• [Listed records]
Content starts

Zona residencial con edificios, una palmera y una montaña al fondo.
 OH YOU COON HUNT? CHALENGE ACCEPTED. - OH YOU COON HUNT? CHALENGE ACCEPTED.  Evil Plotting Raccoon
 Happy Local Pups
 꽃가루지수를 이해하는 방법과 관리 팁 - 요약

Content ends
Content starts

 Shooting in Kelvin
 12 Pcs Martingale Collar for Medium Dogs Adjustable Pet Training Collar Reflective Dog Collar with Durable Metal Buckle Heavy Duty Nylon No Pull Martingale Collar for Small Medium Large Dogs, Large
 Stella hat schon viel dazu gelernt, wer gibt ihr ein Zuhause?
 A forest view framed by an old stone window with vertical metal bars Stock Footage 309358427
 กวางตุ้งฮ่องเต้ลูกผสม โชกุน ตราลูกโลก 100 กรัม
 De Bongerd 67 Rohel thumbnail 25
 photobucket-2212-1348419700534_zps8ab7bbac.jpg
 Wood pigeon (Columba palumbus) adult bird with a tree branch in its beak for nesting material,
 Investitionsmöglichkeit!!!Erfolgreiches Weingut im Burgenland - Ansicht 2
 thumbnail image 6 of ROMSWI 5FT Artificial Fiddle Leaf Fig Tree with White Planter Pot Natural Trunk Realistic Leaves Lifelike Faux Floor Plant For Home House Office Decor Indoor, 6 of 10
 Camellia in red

Content ends

• [Your goal] Reproduce exactly, and only, the part of the listing above that begins at the line with "photobucket-2212-1348419700534_zps8ab7bbac.jpg" and goes on through the line with "Camellia in red".

• [Reply to the task]
 photobucket-2212-1348419700534_zps8ab7bbac.jpg
 Wood pigeon (Columba palumbus) adult bird with a tree branch in its beak for nesting material,
 Investitionsmöglichkeit!!!Erfolgreiches Weingut im Burgenland - Ansicht 2
 thumbnail image 6 of ROMSWI 5FT Artificial Fiddle Leaf Fig Tree with White Planter Pot Natural Trunk Realistic Leaves Lifelike Faux Floor Plant For Home House Office Decor Indoor, 6 of 10
 Camellia in red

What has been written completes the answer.